Il 40% dei ragazzi trascorre più di 2-3 ore al giorno davanti alla TV o ai dispositivi elettronici come smartphones, videogames, tablet. Soprattutto quest’ultimi sembrano essere l’intrattenimento preferito da bambini e ragazzi che ormai sembrano aver generato una vera e propria dipendenza, dando vita a una generazione di iperconnessi.

Un uso eccessivo di questi dispositivi in età pediatrica può implicare che il bambino sviluppi una serie di patologie: obesità e sovrappeso dovuti a uno stile di vita sedentario, deprivazione delle necessarie ore di sonno, uso di sostanze e isolamento.
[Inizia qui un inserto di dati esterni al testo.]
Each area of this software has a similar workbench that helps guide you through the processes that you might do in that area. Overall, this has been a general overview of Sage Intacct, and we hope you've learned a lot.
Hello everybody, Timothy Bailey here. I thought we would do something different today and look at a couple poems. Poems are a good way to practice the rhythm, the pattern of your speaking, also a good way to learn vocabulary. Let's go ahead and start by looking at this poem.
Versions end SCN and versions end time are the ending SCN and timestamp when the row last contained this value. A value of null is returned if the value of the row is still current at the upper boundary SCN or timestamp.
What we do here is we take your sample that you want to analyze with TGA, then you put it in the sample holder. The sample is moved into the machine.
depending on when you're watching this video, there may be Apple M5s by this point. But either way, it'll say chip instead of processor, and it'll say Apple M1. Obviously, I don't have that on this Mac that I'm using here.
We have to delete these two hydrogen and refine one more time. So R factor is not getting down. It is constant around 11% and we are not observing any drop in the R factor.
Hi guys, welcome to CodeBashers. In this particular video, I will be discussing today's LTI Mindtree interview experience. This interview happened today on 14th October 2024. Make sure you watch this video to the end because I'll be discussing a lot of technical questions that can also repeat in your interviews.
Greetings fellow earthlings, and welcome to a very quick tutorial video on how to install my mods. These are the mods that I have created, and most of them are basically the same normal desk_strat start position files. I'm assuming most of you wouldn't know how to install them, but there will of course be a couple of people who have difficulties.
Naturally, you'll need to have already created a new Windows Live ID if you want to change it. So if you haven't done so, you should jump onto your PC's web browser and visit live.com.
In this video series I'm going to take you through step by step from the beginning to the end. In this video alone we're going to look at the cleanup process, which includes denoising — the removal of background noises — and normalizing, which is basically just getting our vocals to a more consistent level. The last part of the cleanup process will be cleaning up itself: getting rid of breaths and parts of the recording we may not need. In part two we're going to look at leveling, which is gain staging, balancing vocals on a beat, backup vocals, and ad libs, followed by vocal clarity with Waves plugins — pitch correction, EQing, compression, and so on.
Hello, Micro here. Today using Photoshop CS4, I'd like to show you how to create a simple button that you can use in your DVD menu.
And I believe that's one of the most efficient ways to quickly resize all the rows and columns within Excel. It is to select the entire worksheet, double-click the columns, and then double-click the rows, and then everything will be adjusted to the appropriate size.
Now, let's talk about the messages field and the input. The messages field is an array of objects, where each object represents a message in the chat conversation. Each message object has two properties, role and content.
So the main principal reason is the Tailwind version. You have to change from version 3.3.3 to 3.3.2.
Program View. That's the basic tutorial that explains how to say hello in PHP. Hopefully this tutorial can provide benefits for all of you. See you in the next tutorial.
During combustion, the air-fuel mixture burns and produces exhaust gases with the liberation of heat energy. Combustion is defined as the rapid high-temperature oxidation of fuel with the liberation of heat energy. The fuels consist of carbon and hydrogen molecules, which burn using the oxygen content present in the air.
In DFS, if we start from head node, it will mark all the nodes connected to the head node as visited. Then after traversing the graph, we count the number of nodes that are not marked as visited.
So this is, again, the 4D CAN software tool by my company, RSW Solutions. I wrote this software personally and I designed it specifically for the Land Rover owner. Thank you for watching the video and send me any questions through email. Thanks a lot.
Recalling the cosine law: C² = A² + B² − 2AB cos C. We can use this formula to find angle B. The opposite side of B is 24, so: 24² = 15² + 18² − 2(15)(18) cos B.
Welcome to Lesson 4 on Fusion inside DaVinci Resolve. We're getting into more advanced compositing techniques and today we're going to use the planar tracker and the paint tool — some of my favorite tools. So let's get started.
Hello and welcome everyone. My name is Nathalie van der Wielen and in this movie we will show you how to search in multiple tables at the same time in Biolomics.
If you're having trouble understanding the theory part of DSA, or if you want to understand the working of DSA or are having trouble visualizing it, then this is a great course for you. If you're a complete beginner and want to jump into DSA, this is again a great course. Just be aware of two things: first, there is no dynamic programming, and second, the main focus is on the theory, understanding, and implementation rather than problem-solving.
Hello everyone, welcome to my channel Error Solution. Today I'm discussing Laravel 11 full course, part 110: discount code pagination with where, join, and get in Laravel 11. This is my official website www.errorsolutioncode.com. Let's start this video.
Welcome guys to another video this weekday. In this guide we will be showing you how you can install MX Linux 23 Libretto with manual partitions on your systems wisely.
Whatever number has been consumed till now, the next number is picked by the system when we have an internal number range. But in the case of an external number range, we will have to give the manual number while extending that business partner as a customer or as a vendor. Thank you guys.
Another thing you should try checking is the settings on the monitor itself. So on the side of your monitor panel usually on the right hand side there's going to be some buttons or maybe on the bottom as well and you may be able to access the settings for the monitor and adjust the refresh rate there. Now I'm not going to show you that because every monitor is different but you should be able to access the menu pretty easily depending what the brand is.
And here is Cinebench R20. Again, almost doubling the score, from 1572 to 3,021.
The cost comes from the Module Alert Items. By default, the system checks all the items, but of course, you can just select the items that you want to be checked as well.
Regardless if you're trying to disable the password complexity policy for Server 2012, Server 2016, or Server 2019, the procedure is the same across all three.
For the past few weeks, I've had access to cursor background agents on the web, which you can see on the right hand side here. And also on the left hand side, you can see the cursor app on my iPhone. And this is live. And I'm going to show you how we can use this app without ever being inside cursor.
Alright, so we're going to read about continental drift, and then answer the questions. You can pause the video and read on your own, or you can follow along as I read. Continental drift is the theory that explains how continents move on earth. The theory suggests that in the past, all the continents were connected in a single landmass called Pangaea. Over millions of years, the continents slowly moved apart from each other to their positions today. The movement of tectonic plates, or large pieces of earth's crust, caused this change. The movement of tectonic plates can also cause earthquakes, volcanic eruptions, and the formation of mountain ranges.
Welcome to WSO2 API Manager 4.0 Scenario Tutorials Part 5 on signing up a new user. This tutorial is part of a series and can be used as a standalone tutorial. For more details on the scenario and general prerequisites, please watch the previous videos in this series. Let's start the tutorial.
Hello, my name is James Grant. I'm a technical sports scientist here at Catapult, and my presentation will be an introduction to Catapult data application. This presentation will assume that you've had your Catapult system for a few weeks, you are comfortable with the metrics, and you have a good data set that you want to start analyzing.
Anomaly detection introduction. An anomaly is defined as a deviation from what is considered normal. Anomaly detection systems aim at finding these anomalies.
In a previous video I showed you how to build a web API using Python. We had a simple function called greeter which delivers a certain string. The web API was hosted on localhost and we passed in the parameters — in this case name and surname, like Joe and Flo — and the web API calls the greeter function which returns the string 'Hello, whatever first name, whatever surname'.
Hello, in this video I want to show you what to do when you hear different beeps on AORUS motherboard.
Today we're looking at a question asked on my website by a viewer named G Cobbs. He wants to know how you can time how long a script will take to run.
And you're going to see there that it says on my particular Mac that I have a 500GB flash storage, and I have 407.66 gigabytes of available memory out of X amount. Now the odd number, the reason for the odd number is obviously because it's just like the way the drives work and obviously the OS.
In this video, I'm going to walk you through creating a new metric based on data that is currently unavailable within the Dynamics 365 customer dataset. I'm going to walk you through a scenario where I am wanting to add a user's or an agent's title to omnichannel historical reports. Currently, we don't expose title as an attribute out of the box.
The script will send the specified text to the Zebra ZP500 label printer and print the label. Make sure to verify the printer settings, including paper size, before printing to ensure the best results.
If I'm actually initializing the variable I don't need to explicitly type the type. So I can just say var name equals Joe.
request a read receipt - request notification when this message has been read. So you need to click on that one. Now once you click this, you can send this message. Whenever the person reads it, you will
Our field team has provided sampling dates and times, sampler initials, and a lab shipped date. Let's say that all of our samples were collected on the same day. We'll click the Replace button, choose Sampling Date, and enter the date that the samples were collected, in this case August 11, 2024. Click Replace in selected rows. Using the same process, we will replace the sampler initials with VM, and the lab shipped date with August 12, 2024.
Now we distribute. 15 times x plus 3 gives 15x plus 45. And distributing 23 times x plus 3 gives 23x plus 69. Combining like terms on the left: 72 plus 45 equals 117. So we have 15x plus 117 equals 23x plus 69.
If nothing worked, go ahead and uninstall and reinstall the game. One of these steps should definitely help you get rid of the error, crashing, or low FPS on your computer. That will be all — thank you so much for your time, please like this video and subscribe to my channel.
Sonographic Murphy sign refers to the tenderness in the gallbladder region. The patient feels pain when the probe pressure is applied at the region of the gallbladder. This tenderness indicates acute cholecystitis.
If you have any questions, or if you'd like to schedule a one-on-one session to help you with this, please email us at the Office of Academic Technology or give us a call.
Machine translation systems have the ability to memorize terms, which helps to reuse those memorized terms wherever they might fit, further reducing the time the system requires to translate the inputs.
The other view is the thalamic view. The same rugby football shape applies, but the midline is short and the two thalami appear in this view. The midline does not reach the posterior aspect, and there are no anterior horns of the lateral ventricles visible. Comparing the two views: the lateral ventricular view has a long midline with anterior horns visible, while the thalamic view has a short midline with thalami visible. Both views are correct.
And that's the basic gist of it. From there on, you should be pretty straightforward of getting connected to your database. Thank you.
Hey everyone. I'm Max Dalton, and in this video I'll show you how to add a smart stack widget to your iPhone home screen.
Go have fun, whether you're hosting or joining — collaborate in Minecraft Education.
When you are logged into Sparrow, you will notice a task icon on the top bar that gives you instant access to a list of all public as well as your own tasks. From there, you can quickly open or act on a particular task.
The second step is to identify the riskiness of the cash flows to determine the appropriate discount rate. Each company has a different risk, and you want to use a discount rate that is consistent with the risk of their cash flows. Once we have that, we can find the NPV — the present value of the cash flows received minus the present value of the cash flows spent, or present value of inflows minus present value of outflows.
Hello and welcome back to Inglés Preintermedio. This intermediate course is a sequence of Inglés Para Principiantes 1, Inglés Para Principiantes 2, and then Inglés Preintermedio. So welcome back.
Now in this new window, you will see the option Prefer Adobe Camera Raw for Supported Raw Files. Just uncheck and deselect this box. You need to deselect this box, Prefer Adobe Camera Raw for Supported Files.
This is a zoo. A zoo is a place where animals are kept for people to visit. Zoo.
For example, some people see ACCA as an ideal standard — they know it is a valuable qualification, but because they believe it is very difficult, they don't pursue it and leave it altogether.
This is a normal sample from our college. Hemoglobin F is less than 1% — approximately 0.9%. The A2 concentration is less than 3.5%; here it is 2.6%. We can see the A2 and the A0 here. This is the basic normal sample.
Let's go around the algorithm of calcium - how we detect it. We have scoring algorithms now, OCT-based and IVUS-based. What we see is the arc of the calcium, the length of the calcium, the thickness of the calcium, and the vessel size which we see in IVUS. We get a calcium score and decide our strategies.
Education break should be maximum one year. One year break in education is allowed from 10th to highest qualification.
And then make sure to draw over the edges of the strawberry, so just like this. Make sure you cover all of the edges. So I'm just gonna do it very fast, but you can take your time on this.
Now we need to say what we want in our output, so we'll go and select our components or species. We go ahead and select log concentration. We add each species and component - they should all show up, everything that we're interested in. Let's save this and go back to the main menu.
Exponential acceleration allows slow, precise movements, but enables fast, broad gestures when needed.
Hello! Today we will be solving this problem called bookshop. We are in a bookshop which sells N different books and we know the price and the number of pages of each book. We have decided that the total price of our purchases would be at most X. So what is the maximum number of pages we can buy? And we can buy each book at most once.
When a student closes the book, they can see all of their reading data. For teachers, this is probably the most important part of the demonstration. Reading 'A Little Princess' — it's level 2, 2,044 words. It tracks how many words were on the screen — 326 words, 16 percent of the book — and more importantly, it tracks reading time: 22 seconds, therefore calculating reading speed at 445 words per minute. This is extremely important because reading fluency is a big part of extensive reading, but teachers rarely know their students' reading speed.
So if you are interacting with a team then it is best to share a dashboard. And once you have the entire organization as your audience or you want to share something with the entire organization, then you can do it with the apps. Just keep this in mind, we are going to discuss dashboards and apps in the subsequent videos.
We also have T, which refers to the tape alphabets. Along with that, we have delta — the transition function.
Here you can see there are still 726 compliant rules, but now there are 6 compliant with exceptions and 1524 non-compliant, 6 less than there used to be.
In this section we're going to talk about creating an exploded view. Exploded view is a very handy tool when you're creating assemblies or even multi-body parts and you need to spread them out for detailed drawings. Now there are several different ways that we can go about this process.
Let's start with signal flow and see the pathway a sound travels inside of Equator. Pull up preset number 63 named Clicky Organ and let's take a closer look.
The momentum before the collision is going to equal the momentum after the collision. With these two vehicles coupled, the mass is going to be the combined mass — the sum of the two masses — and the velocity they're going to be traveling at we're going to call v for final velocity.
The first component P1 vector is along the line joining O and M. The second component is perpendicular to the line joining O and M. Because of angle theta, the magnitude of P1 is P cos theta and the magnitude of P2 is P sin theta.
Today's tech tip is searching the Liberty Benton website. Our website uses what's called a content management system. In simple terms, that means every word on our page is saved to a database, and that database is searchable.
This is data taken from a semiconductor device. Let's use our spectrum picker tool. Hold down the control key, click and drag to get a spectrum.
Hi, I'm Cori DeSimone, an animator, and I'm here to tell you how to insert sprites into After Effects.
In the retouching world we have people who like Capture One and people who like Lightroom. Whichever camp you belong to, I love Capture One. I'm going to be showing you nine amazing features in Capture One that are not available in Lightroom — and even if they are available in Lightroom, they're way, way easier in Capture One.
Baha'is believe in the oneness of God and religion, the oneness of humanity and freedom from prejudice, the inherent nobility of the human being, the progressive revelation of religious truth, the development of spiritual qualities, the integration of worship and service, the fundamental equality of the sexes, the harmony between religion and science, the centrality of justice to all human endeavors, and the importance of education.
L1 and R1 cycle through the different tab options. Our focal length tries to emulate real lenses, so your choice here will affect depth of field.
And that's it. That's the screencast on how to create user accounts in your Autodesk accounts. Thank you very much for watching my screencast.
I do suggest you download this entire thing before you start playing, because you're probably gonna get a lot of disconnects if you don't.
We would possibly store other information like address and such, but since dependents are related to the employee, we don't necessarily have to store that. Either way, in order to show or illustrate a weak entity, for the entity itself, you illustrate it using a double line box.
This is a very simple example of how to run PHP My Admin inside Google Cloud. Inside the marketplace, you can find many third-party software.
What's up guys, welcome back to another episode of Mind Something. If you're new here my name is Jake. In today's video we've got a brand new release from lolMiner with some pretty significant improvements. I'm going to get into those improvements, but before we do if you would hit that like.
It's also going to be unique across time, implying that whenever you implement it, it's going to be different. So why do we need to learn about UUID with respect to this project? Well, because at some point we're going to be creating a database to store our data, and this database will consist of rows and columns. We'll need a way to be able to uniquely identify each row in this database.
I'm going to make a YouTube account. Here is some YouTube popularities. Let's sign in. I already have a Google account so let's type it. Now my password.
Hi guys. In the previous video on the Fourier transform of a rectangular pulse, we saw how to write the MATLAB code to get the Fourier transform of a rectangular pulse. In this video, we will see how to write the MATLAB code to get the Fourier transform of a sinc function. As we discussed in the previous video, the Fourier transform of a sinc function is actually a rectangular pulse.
Perché ciò non accada è importante una corretta gestione del tempo dedicato all’utilizzo dei dispositivi tecnologi.

I nostri consigli

Per i genitori a casa:

– Sotto i 2 anni: evitare lo screen time, fatta eccezione per le videochiamate con parenti distanti.

– Dai 2 ai 5 anni: non più di 1 ORA al giorno di screen time ricreativo

– Dai 5 agli 8 annu: non più di 2 ORE al giorno di screen time ricreativo

– Niente schermi durante i pasti o nell’ora precedente il momento della nanna.

– Evitare di posizionare televisione e altri dispositivi elettronici con schermo nella camera del bambino.

– I genitori devono essere informati sugli effetti negativi e positivi dello screen time e monitorare i contenuti multimediali e quali applicazioni digitali ( facebook, tik tok ect.)vengono utilizzate o scaricate dai propri figli.

Per i pediatri di famiglia:

– Il pediatra deve regolarmente interessarsi alle precoci abitudini virtuali dei piccoli pazienti e conoscere i social media per essere in grado di valutare i rischi di un’esposizione

– Genitori e pediatri devono assicurarsi che la sedentarietà causata dallo screen time non sia parte della routine quotidiana del bambino

– Le applicazioni streaming come Youtube e Youtube Kids non sono consigliate nei bambini in età prescolare

– Le applicazioni che controllano o limitano il tempo passato davanti allo schermo possono essere discusse ed esplorate con i genitori.